> _TASK OBJECTIVE_:
Pictures aside, repeat the listing below exactly.

> _RECORDED DATA_:
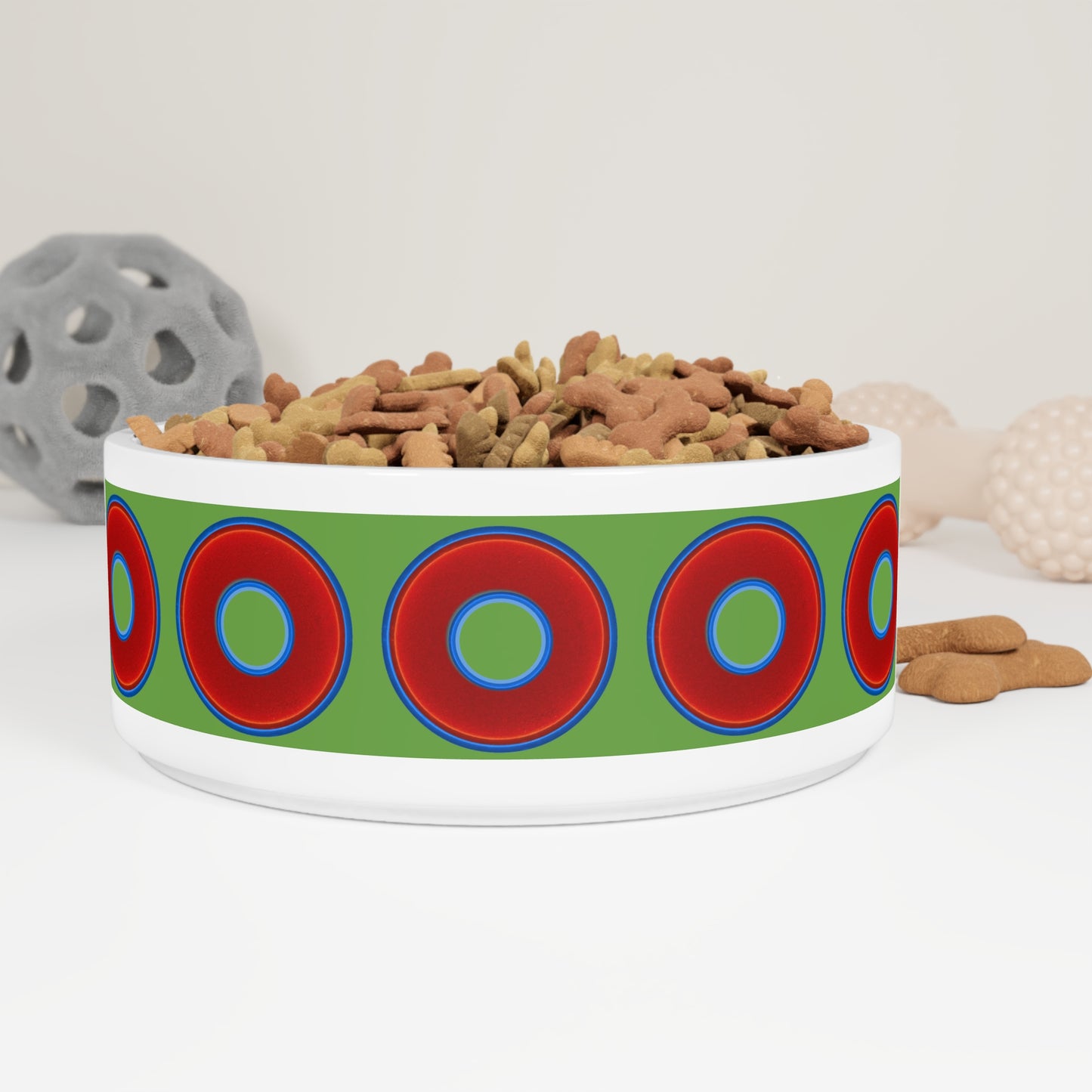 16 oz Lumpy Pet Bowl - vivid red donuts w/light green background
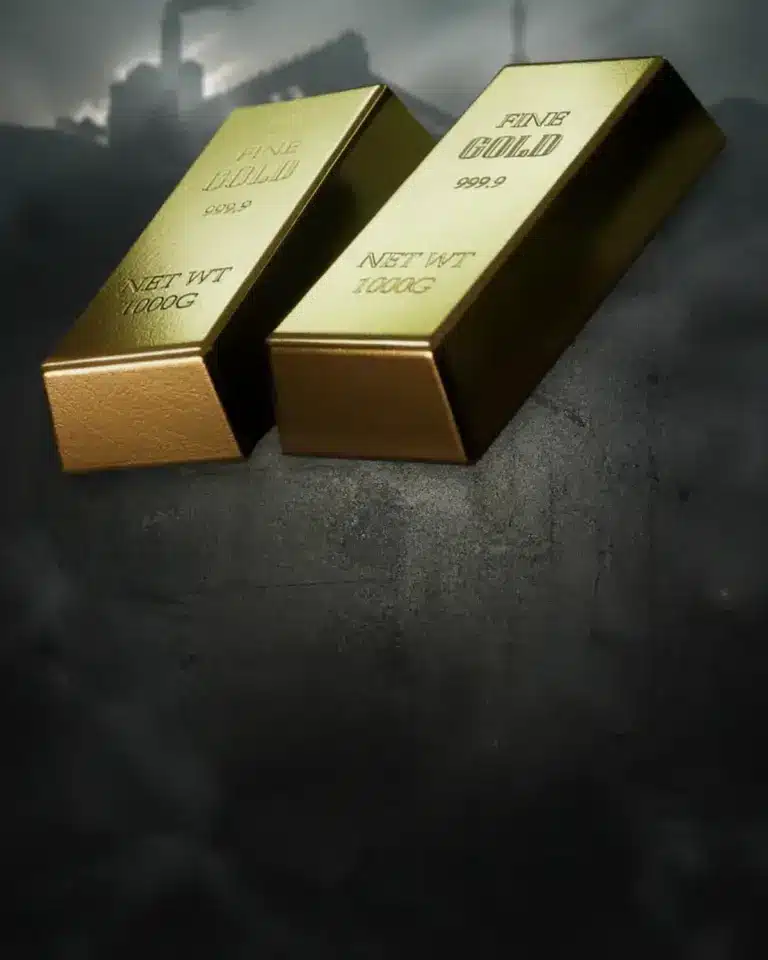 Two gold ingots for WARDOGS Gold Bars farming on a dark industrial background.
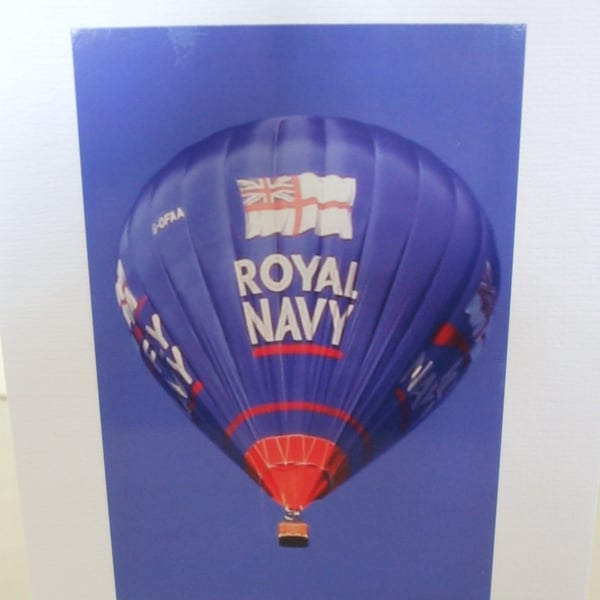 Photographic greetings card of a Royal Navy hot air balloon. 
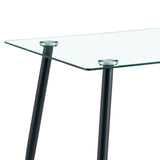 Modern Minimalist Rectangular Glass Dining Table for 4-6 with 0.31" Tempered Glass Tabletop and Black Coating Metal Legs, Writing Table Desk, for Kitchen Dining Living Room, 47" W x 31"D x 30" H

> _REPLY TO THE TASK_:
 16 oz Lumpy Pet Bowl - vivid red donuts w/light green background
 Two gold ingots for WARDOGS Gold Bars farming on a dark industrial background.
 Photographic greetings card of a Royal Navy hot air balloon. 
 Modern Minimalist Rectangular Glass Dining Table for 4-6 with 0.31" Tempered Glass Tabletop and Black Coating Metal Legs, Writing Table Desk, for Kitchen Dining Living Room, 47" W x 31"D x 30" H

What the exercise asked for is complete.